Saturday (7/14): Same routine as most of the beginnings of the days. Lounge around at Allison's, go out at night. We go to Georgetown with Megan to meet Beast and go to a hookah bar. This place was probably the hottest location in Georgetown. Not stylistically. I mean that this is a place full of burning and smoking hookahs and NO AIR CONDITIONING. And terrible service. We tipped like 8%.

Sunday (7/15): Same morning routine as usual. That night we go with Megan, Molly, and Rachel Ellis to a roller derby bout. This is basically a mosh pit on roller skates with a scoring system. Fun for a while, but it kind of turns into a nascar event after a certain point: people turning left ad nauseum. We then go to an artsy diner called paper moon, which must be a hipster's paradise. Lots of kitchy shit on the walls and a vaguely pretentious air to all of the staff. Still, they make a fine grilled cheese.
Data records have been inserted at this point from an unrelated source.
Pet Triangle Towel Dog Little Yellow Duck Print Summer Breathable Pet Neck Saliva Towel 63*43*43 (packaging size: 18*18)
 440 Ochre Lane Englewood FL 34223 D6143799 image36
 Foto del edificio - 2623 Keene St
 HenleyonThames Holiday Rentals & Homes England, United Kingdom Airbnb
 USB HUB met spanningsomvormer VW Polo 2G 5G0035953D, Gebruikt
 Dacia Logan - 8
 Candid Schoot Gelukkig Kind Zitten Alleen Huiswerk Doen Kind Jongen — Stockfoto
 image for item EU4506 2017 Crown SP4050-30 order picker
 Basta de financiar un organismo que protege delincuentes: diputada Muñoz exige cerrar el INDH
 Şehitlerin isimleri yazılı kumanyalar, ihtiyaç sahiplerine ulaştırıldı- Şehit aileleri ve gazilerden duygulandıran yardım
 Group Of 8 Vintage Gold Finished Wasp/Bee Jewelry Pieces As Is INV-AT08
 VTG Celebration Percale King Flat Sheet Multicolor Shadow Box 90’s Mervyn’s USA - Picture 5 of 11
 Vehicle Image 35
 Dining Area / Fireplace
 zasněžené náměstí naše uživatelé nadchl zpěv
Monday (7/16): I meet Allison at her internship at city paper (she's a fact checker there) and head to the airport. Leaving sucks. I miss everyone again. Still, good times, and I go back to New York in a little over a month. This was a lengthy post for a first real one. Kudos if you made it all the way through... I'll update if I have something relevant to say.

The Reason For My Being (here), As It Were...

OK, so anyone who has read my shit knows that for like the last 2 years I had a blog on my myspace account. However, I will be 20 soon and simply do not want to be one of those over 20 year olds who still frequently uses myspace. As a social network, facebook is far superior anyway, so I kind of had to wonder why I was still on myspace in the first place. The only thing really tying me down was my blog, so I thought, "well fuck man, just start a new one". And hey, now I can regulate a bit more carefully who reads this shit so I can be much more candid. Updates will come whenever I damn well feel like it and/or get bored.